News Server Alternatives

Now for the nuts and bolts. We’ll explore how to use three different news servers—the standard Unix INN, Microsoft’s NNTP service, and Netscape’s Collabra Server—to support these conferencing scenarios. We’ll also look at how one proprietary groupware server—Microsoft’s Exchange Server 5.5—can support NNTP conferencing.

I include INN because it’s so widely available nowadays—every Linux CD comes with a copy of it. There are a lot of Linux machines popping up in organizations nowadays, and even the most modest of these systems—say, a 16MB 486 that no longer pushes Microsoft Office at an acceptable rate—can under Linux quite capably deliver local NNTP service. Setup can be surprisingly painless, as is administration when you factor out the complexity of Usenet replication. The biggest drawback to INN is that it lacks SSL support. If you’re lucky enough to be using a virtual private network (VPN), that may not matter. VPN traffic is encrypted in the network transport layer, so that individual applications such as web and news servers need not provide their own encryption. Nor does INN’s lack of SSL support matter for public newsgroups that you want to make available to all comers.

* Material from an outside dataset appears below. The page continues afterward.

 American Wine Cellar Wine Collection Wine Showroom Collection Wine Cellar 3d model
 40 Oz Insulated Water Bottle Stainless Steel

If you don’t have a VPN and you do want to conduct confidential and access-restricted discussions across the Internet, you’ll need a modern INN derivative with SSL support. Both the Microsoft and Netscape news servers meet this requirement. Either of these is also a good choice if you lack in-house Unix expertise, since both can run on Windows NT. People who know how to deploy other kinds of services on NT will find these servers straightforward to set up and manage.

It’s true that the SSL-specific aspects of news server administration are complex and can be intimidating. But that’s an SSL thing, not an NNTP thing. It’s tricky to create and install the server certificates (a.k.a. digital IDs) needed to run a news server in SSL mode. It’s even trickier to create and deploy client-side certificates as an alternative to basic or cookie authentication. But the same procedures govern secure web or mail servers. The battle is simply to grasp how the Microsoft and Netscape server suites deal with SSL and public-key infrastructure (PKI) matters. Once you know how to set up and operate a secure web server, you know most of what you need to set up and operate a secure news server—and vice versa.

Note that no matter which server you choose, you’ll be able to take advantage of HTML messaging. This sometimes surprises people. With all the snazzy new features in the Netscape and Microsoft newsreaders—automatic encoding of attachments, inline images, tables, rich text, and hyperlinks—it’s easy to suppose that some kind of backend support must be required. Not so. An HTML news message is a clump of ASCII headers and a body made of lines of ASCII data—just like any other news message. Interpretation of the HTML is the newsreader’s job. When HTML-aware newsreaders see the header Content-Type: text/html, they render the message body as HTML. But the server doesn’t know or care what’s in the body of an HTML message.